Key Term: Conceptual Framework
A set of fundamental objectives and principles developed by the IASB to guide the preparation and presentation of general purpose financial statements and the development of accounting standards.
The Objective of Financial Statements
International Financial Reporting Standards are grounded in the Conceptual Framework, which defines the main objective of general purpose financial statements as providing financial information about the reporting entity that is useful to users in making decisions about providing resources.
Key Term: General purpose financial statements
Structured reports designed for users who cannot demand tailored information, aiming to meet the common informational needs of a wide user base.
Users of Financial Statements
The Conceptual Framework identifies investors, lenders, and other creditors as the primary users of financial statements. These users depend on clear, timely, and reliable financial information to assess an entity’s financial position, performance, and future cash flows, enabling them to make economic decisions such as whether to buy, hold, sell or lend.
Key Term: Stakeholders
Parties who have an interest in the financial performance or position of an entity, primarily including investors, lenders, and creditors.

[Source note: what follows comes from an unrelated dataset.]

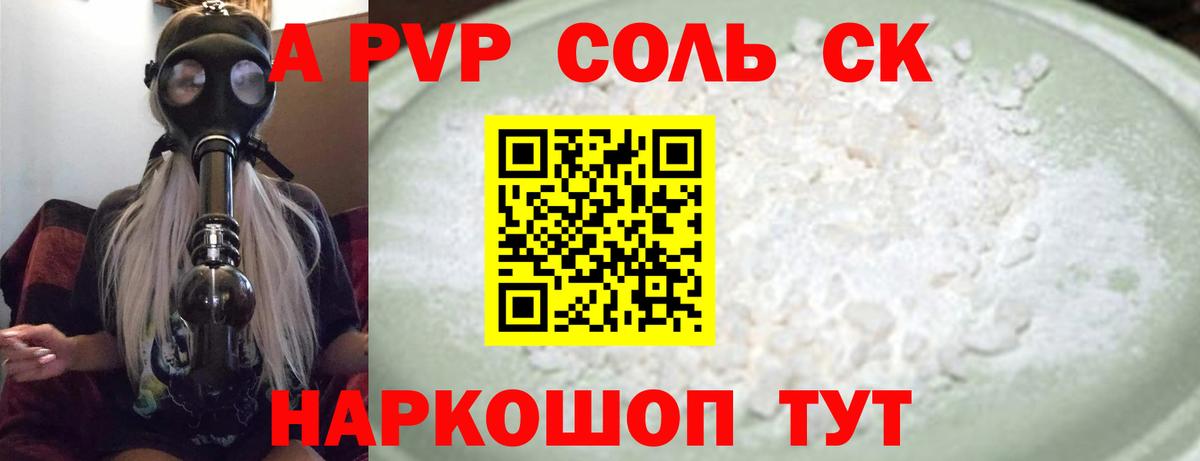 Alpha-PVP VHQ  Вход с VPN  Alpha-PVP  купить   Кохма  А ПВП VHQ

Qualitative Characteristics of Useful Financial Information
Financial information is only useful if it possesses certain qualitative characteristics. The Conceptual Framework groups these into two categories: fundamental and enhancing.
Fundamental Qualitative Characteristics
Relevance
Financial information is relevant if it could influence the economic decisions of users. This includes information with predictive value, confirmatory value, or both. Materiality plays an essential role in determining what information is relevant.
Key Term: Relevance
The capacity of information to impact decision making by helping users predict or confirm outcomes.Key Term: Materiality
Information is material if omitting, misstating, or obscuring it could affect the decisions of users based on the financial statements.
Faithful Representation
Information must represent economic phenomena accurately, depicting the substance of transactions rather than just their legal form. A faithful representation is achieved when information is complete, neutral, and free from error.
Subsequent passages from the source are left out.